WHAT YOU WILL DO ▸
Without its pictures, the listing below is to be transcribed exactly.

PROVIDED DATA ▸

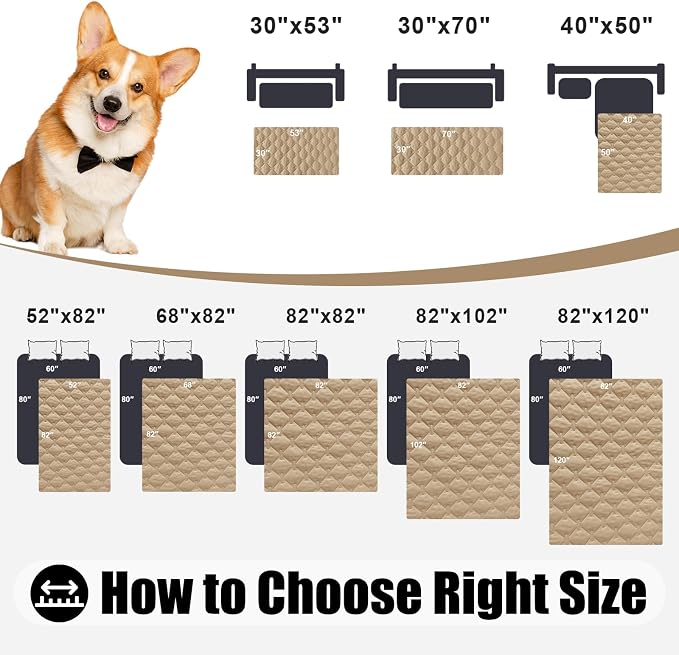 Smiry Waterproof Dog Bed Cover Blanket, Reversible Pet Blanket | Soft Reversible, Washable Leakproof Cats Dogs Couch Cover for Sofa, Couch, Furniture (40x50 Inch)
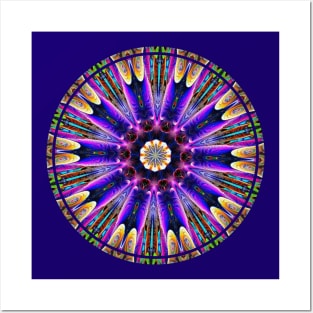 Psychedelic Kaleidoscopic Wheel Spokes Posters and Art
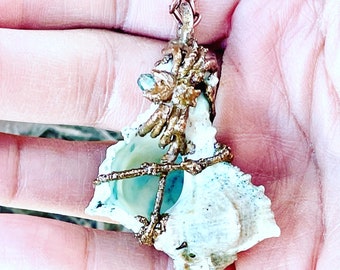 Spider necklace, conch shell necklace, seashell pendent, mystical jewelry, gift for surfergirl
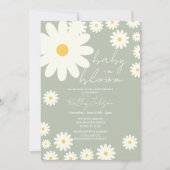 Sage Olive Daisy Bloemen Baby in Bloom Shower Kaart (Voorkant)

RESPONSE AREA ▸
 Smiry Waterproof Dog Bed Cover Blanket, Reversible Pet Blanket | Soft Reversible, Washable Leakproof Cats Dogs Couch Cover for Sofa, Couch, Furniture (40x50 Inch)
 Psychedelic Kaleidoscopic Wheel Spokes Posters and Art
 Spider necklace, conch shell necklace, seashell pendent, mystical jewelry, gift for surfergirl
 Sage Olive Daisy Bloemen Baby in Bloom Shower Kaart (Voorkant)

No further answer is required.